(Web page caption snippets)
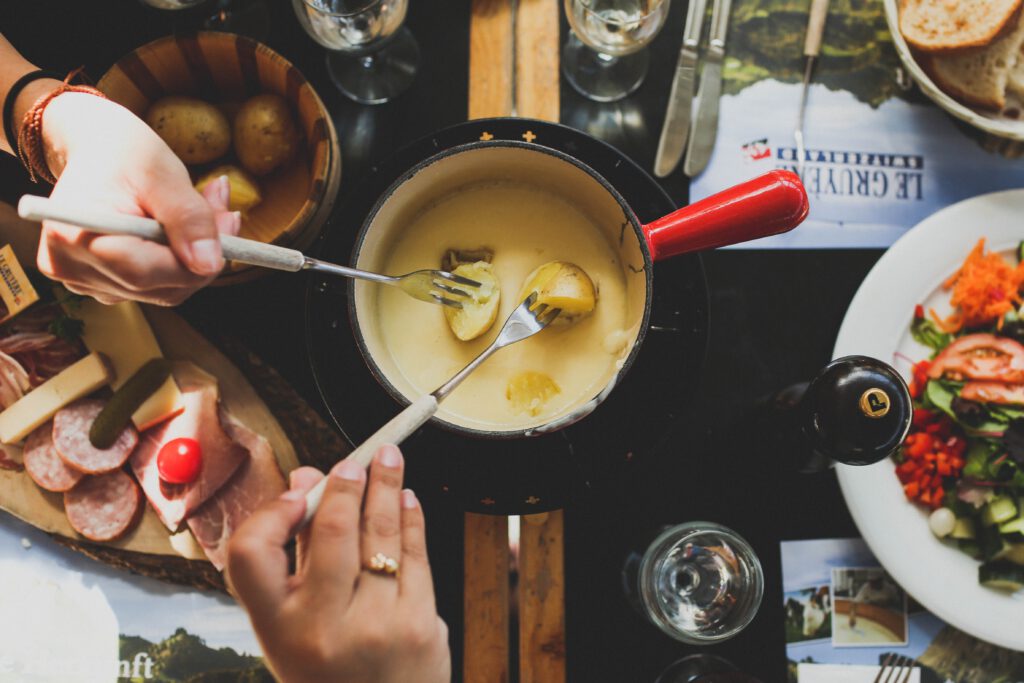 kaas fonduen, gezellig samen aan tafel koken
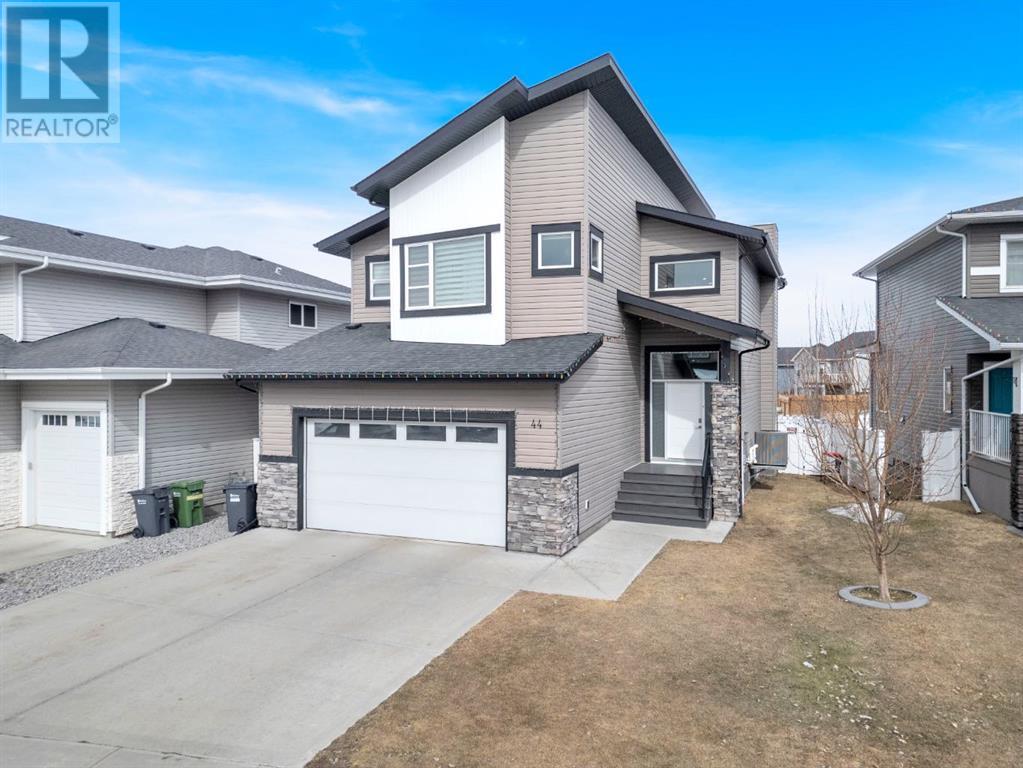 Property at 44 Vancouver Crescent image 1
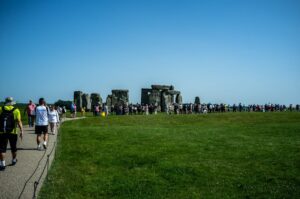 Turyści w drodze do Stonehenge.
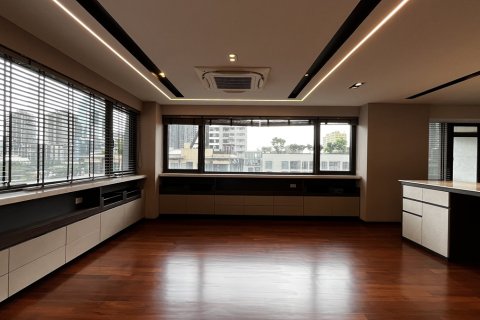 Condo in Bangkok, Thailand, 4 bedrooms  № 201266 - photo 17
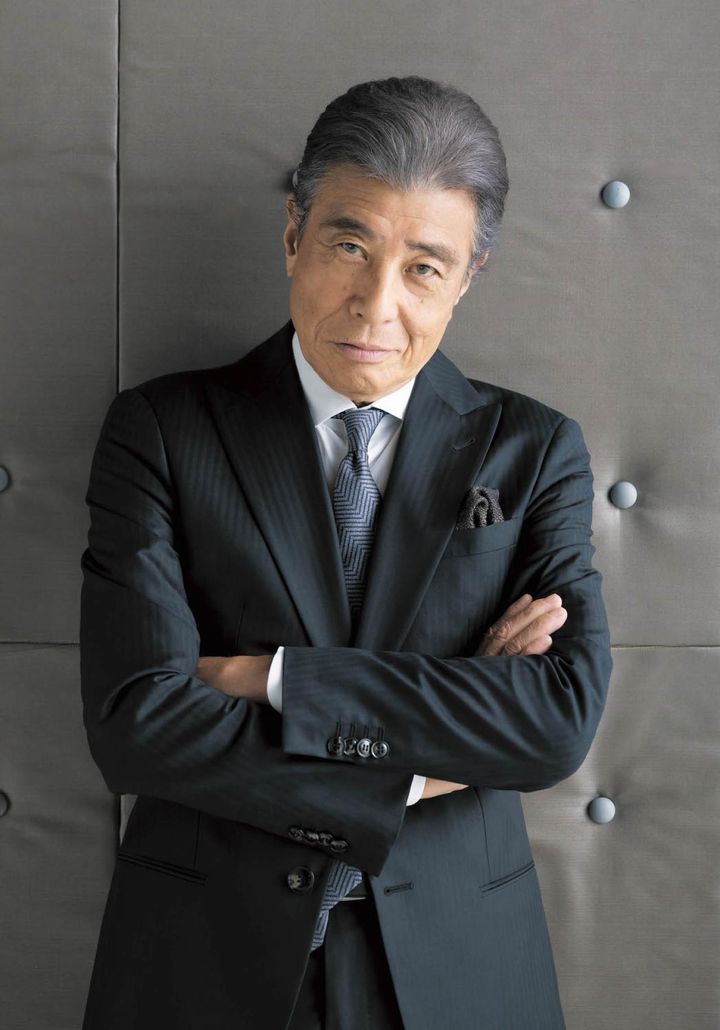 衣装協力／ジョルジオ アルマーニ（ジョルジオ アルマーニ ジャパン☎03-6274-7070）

TASK DESCRIPTION: Repeat the records word for word and drop any pictures.

SOLUTION:
 kaas fonduen, gezellig samen aan tafel koken
 Property at 44 Vancouver Crescent image 1
 Turyści w drodze do Stonehenge.
 Condo in Bangkok, Thailand, 4 bedrooms  № 201266 - photo 17
 衣装協力／ジョルジオ アルマーニ（ジョルジオ アルマーニ ジャパン☎03-6274-7070）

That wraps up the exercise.